__Your assignment__. Please repeat exactly the lines below from the line with "Men's Winnipeg Jets" to the line with "Cadre de lit", including both, and leave out every picture.

__Entries provided__.

= Beginning of Section =

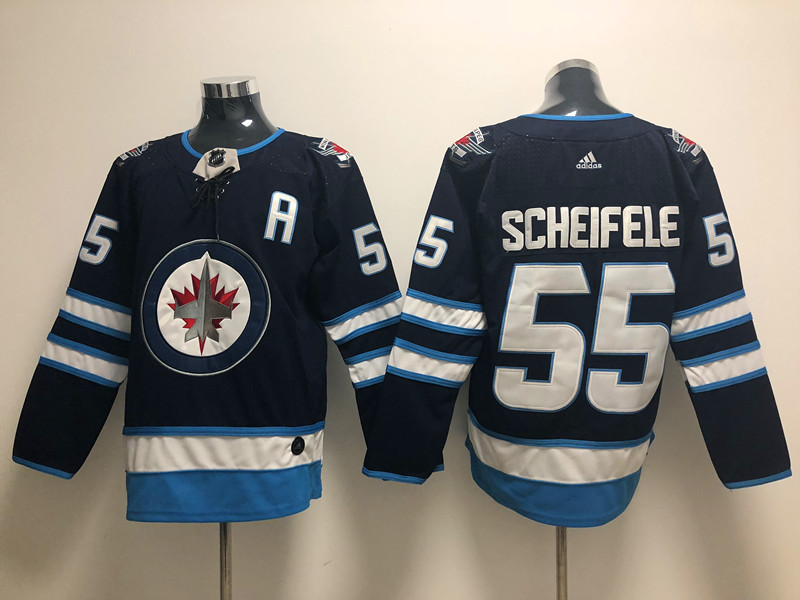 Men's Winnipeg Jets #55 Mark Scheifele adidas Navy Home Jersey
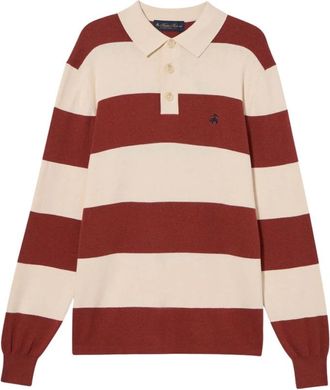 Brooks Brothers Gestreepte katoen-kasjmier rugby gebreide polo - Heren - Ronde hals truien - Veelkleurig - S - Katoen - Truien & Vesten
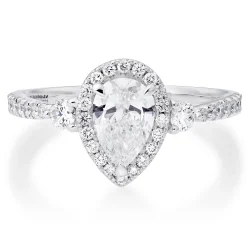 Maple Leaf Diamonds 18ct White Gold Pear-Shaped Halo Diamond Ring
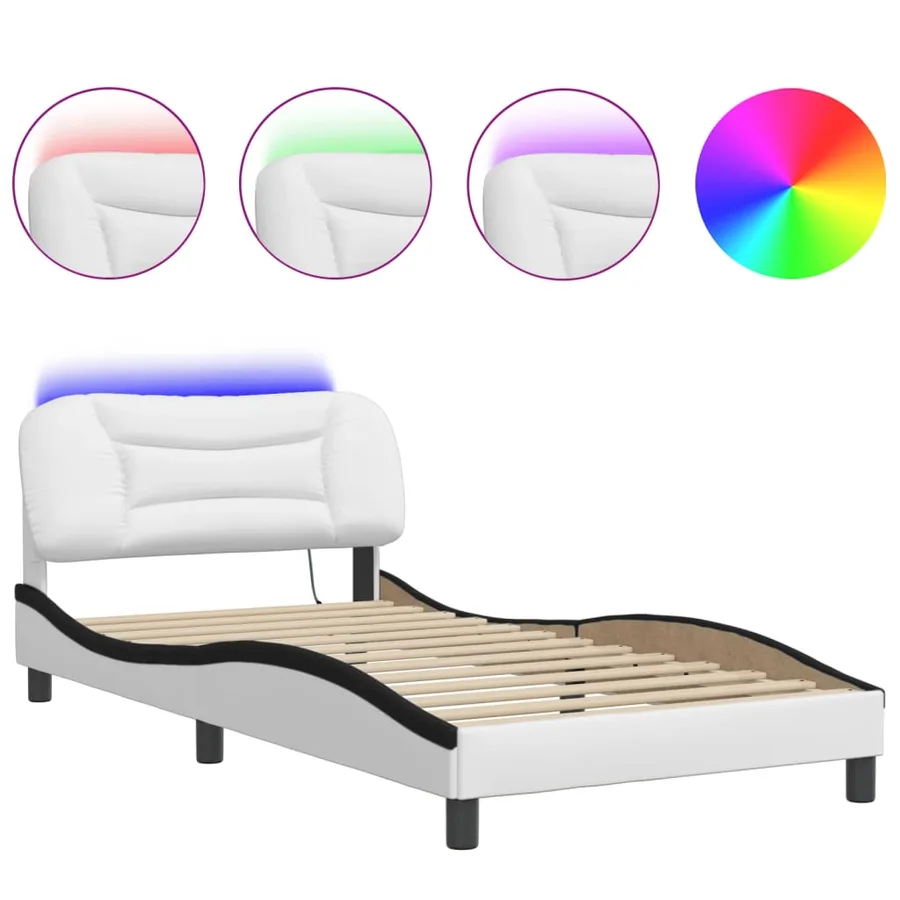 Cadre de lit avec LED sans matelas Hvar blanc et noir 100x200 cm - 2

= End of Section =
= Beginning of Section =

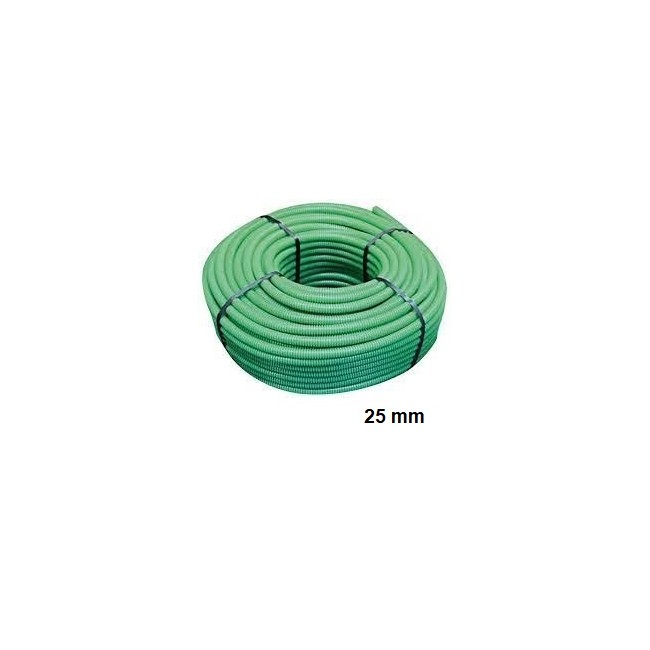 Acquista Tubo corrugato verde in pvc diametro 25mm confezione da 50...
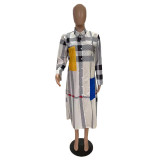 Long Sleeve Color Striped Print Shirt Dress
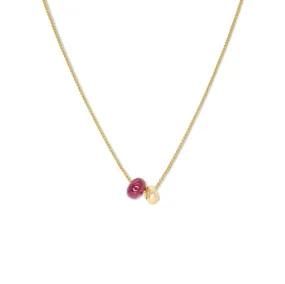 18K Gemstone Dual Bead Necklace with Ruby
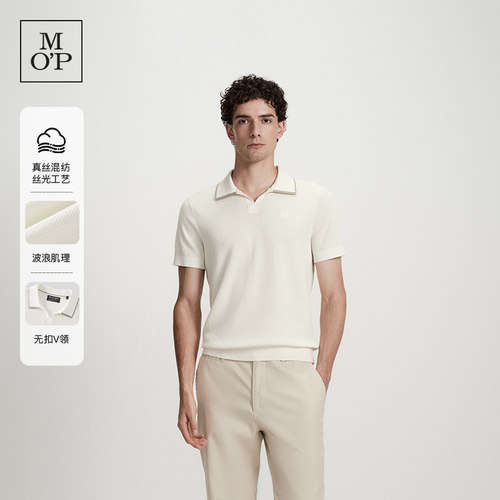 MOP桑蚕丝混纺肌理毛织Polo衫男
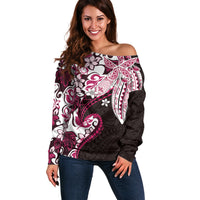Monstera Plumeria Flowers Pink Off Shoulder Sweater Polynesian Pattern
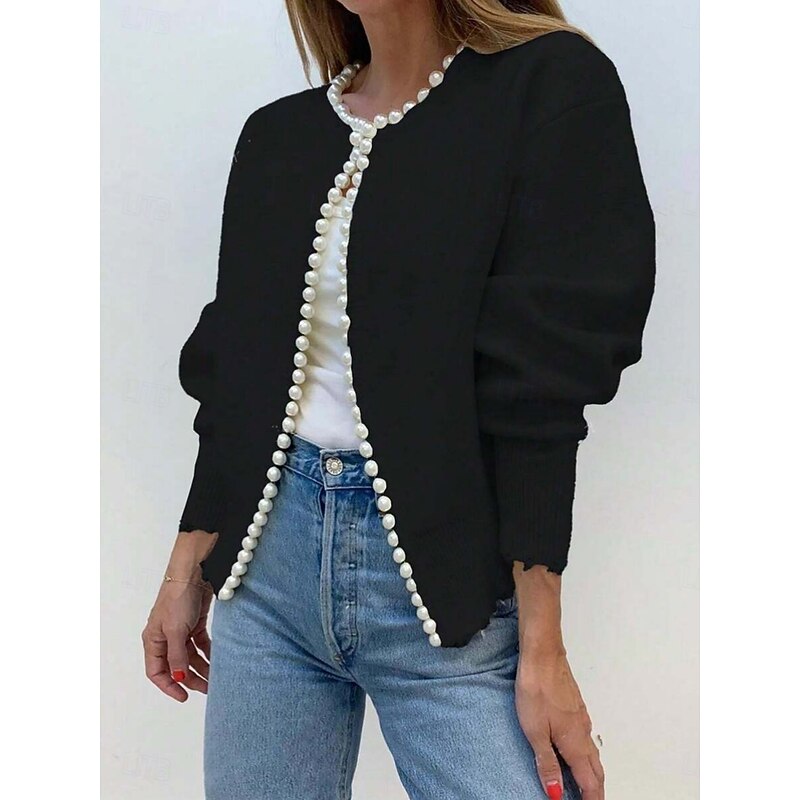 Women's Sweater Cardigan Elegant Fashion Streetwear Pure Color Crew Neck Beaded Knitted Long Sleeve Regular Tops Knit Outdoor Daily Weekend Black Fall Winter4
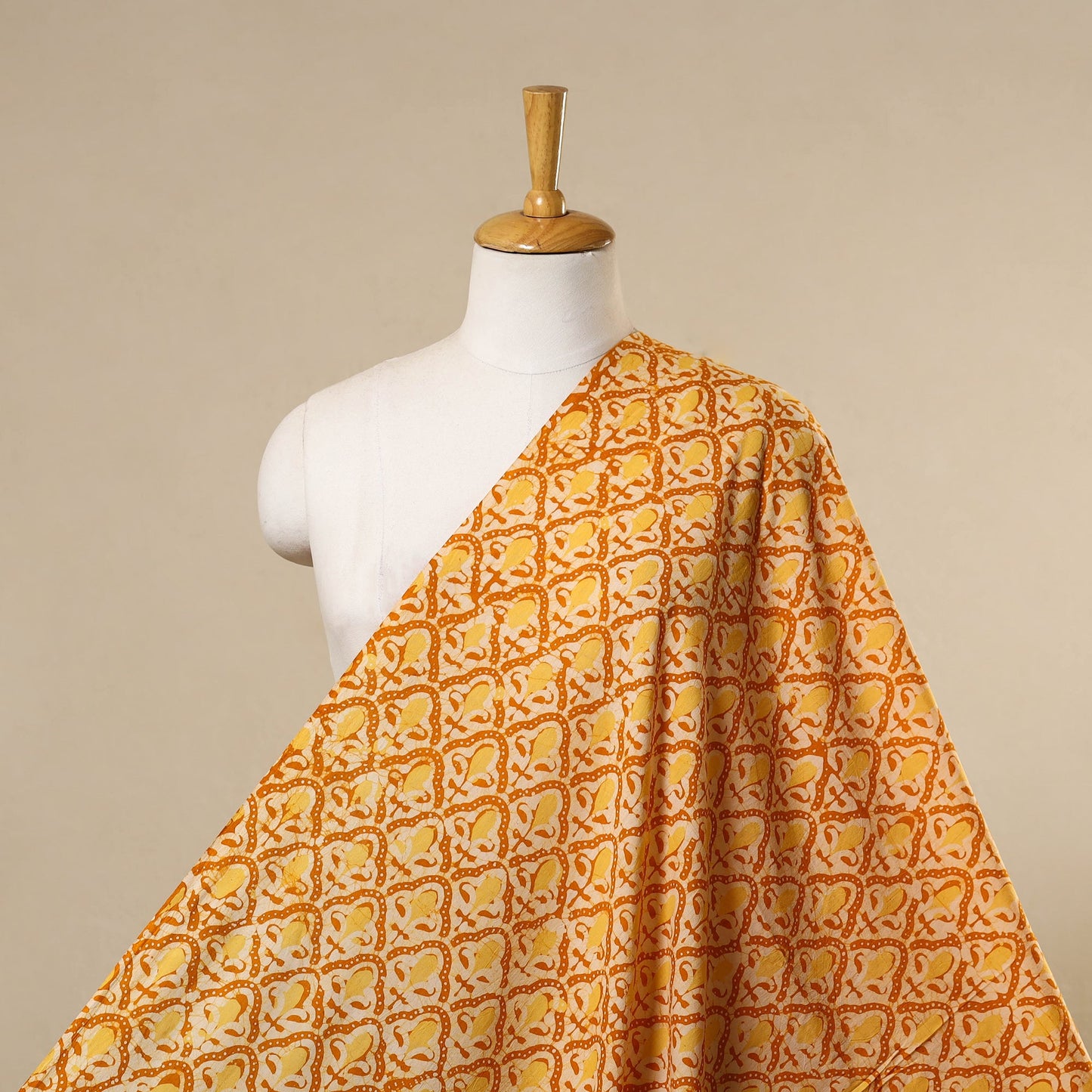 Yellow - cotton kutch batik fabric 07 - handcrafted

= End of Section =

__Solution to this task__.
 Men's Winnipeg Jets #55 Mark Scheifele adidas Navy Home Jersey
 Brooks Brothers Gestreepte katoen-kasjmier rugby gebreide polo - Heren - Ronde hals truien - Veelkleurig - S - Katoen - Truien & Vesten
 Maple Leaf Diamonds 18ct White Gold Pear-Shaped Halo Diamond Ring
 Cadre de lit avec LED sans matelas Hvar blanc et noir 100x200 cm - 2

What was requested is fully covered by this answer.